I'm 47 and with a man I met 6 yrs ago. 7 yrs ago both my parents died, my Mum committing suicide, Dad unexpectedly 6 weeks later. My Mum had bipolar since I was born and I have had numerous sessions of counselling over the years for depression. The general view is that i suffer from low self esteem.
My OH had numerous relationships prior to me and led a somewhat compartmentalised life seeing more than one person at the same time. He has a good job and is a law abiding upstanding person! We met and I became pregnant 8 months later and he said he would leave me if I had it and have nothing to do with it. I went along with this against my better judgement as I was at that point completely alone and didnt think I could cope as a single Mum. A yr later I got pregnant again and told him I was keeping it whatever, but then has a miscarriage. He then decided we should live together- completely changed and got totally committed to me and we bought a house and amazingly at 44 I had my son who is now 3.5yrs.
We have the 'perfect' life. Nice house, sufficient money, both with jobs we enjoy and a healthly son.
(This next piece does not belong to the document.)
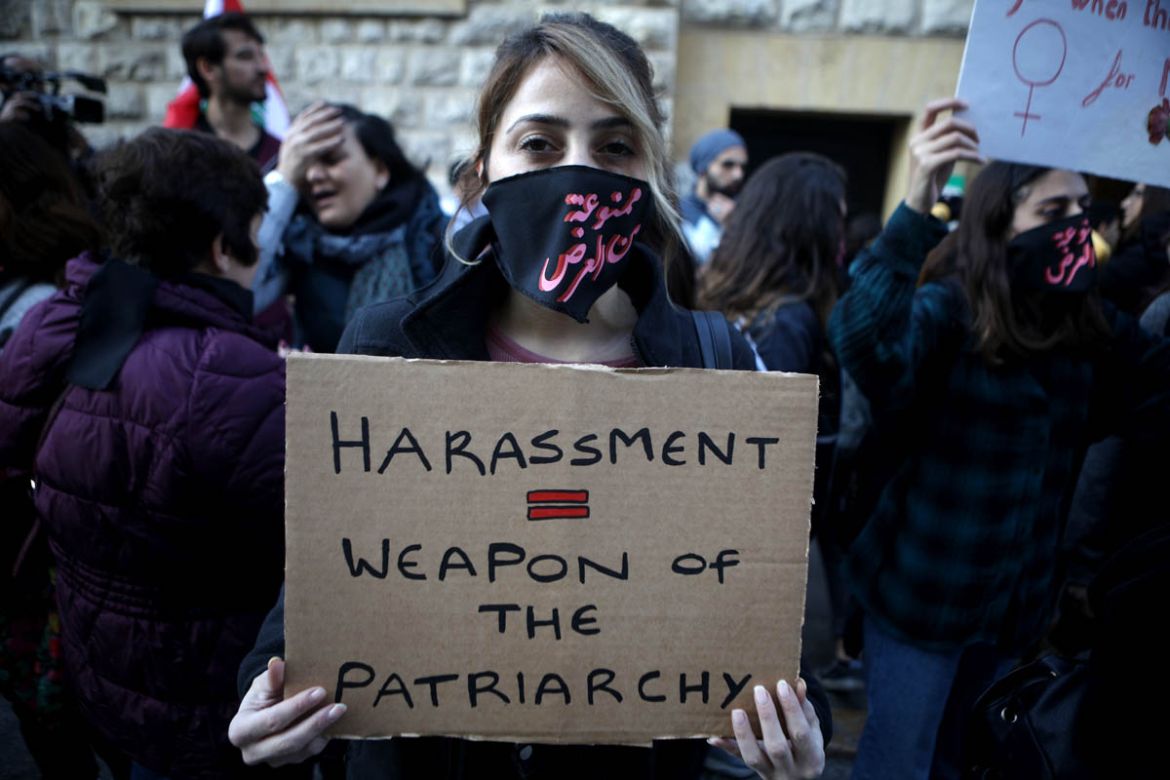 An activist takes part in a demonstration against sexual harassment, rape and domestic violence in the Lebanese capital Beirut on December 7, 2019.  Patrick BAZ / Abaad / AFP
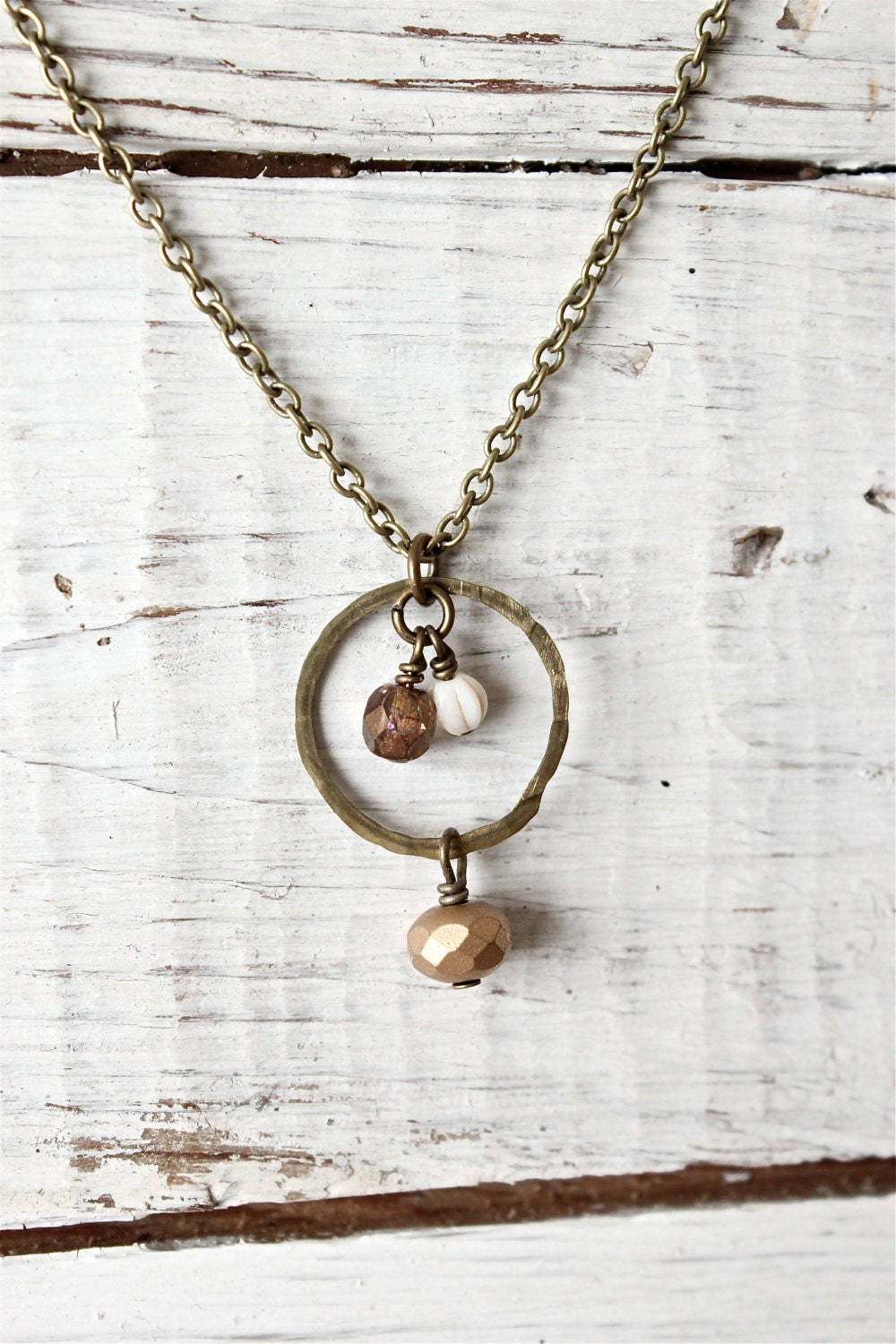 Hammered antique brass beaded necklace.  Czech glass beads.  Gold ivory bronze.  Dainty and simple.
Why then do I feel so unhappy I could go to sleep and never wake up. I do not love the OH and he is quite controlling and is away a lot with work (which I prefer). He is a bit aggressive and I am forever worrying that my DS will upset him, so by not enjoying swimming for example and then OH gets cross. I stay because it is best for my son to have two parents living together and I realise that at my age it is very unlikely that I would ever find someone else and I am afraid of being alone. And I am afraid I will turn into my Mother and end up hanging myself- I could not inflict that pain on my DS. How an earth are people strong enough to make decisions like this? I just want whats best for my son.